[Scraped caption text data]
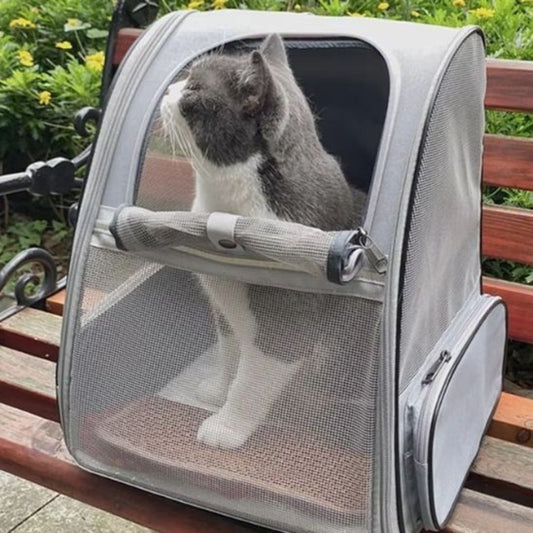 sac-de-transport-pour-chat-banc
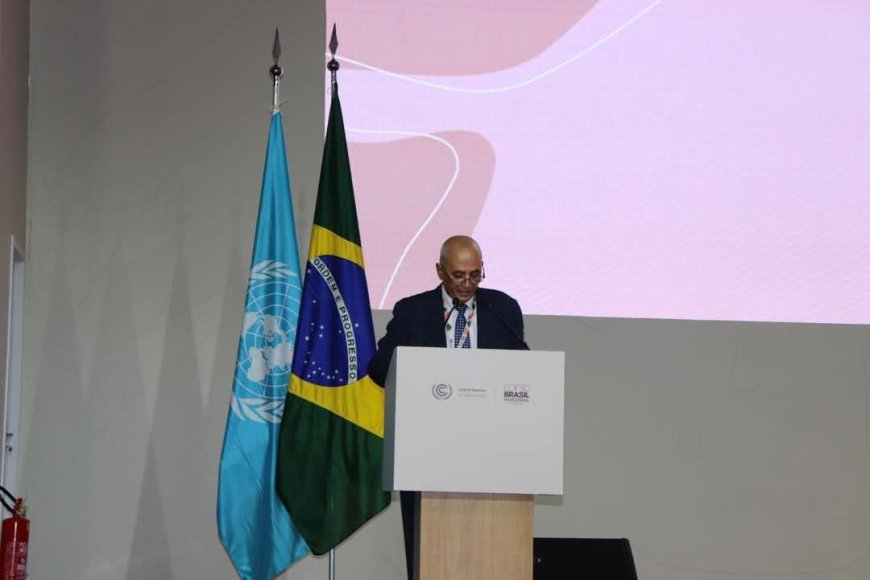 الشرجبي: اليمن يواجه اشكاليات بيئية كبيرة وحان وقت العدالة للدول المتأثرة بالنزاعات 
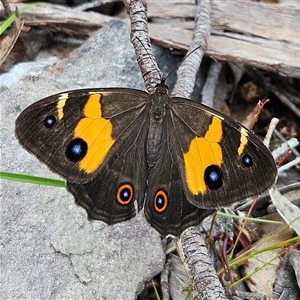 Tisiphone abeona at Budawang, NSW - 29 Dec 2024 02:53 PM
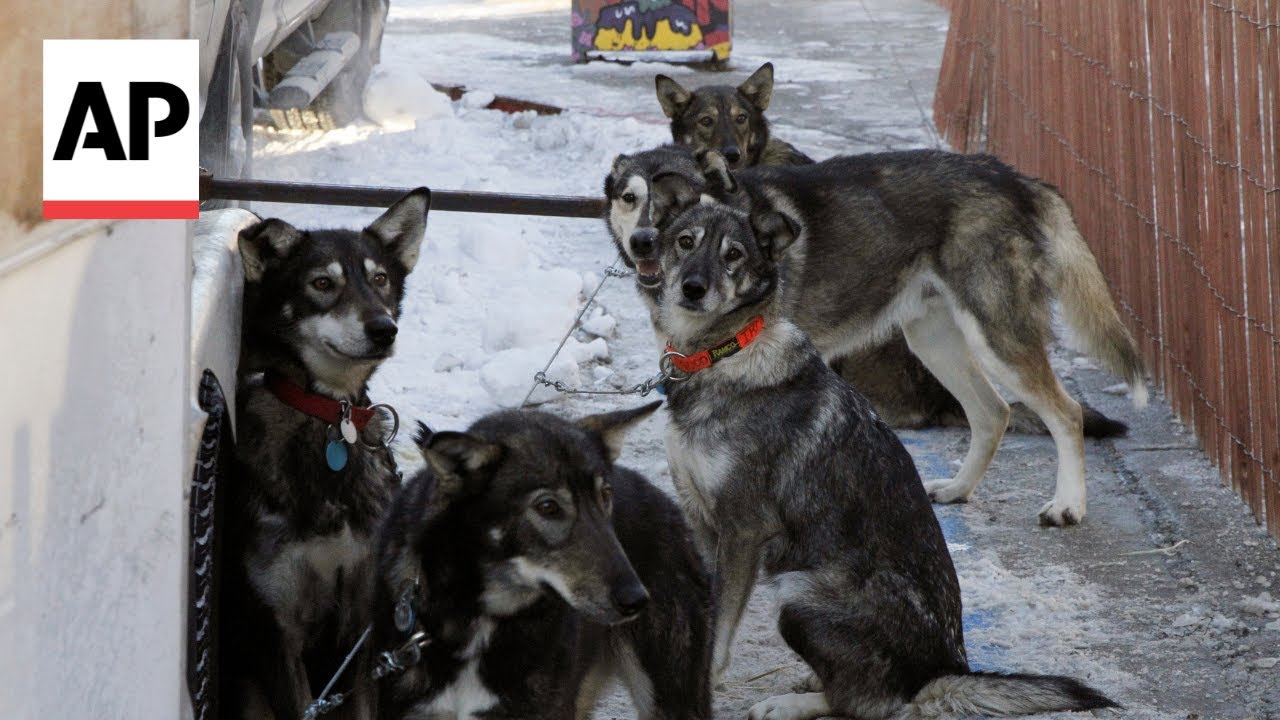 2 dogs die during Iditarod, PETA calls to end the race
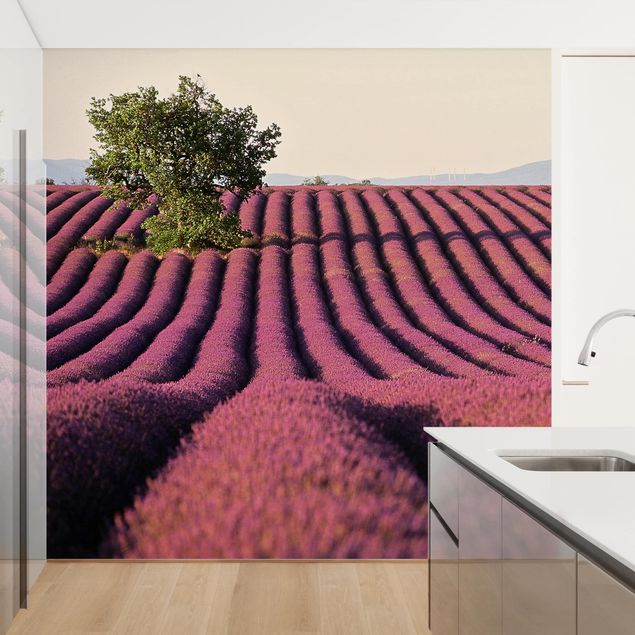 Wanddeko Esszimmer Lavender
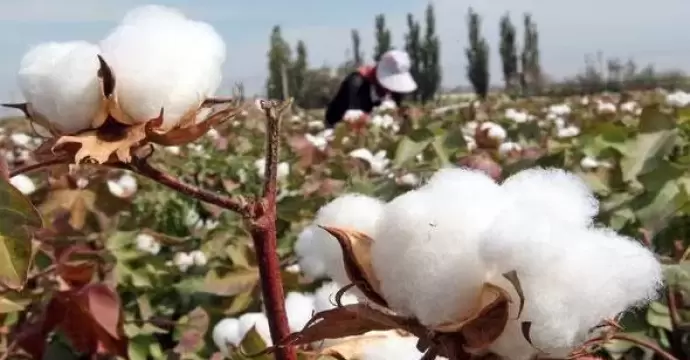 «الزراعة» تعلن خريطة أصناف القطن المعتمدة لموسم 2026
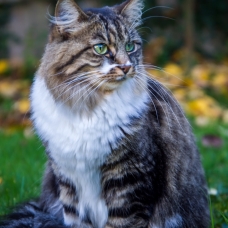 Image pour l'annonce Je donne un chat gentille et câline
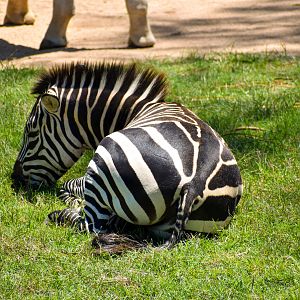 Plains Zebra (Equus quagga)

### Exercise description
Copy nothing outside the span: please output the lines from the one with "Tisiphone abeona at" through the end of the entries above, and skip the pictures.

### Output for this task
 Tisiphone abeona at Budawang, NSW - 29 Dec 2024 02:53 PM
 2 dogs die during Iditarod, PETA calls to end the race
 Wanddeko Esszimmer Lavender
 «الزراعة» تعلن خريطة أصناف القطن المعتمدة لموسم 2026
 Image pour l'annonce Je donne un chat gentille et câline
 Plains Zebra (Equus quagga)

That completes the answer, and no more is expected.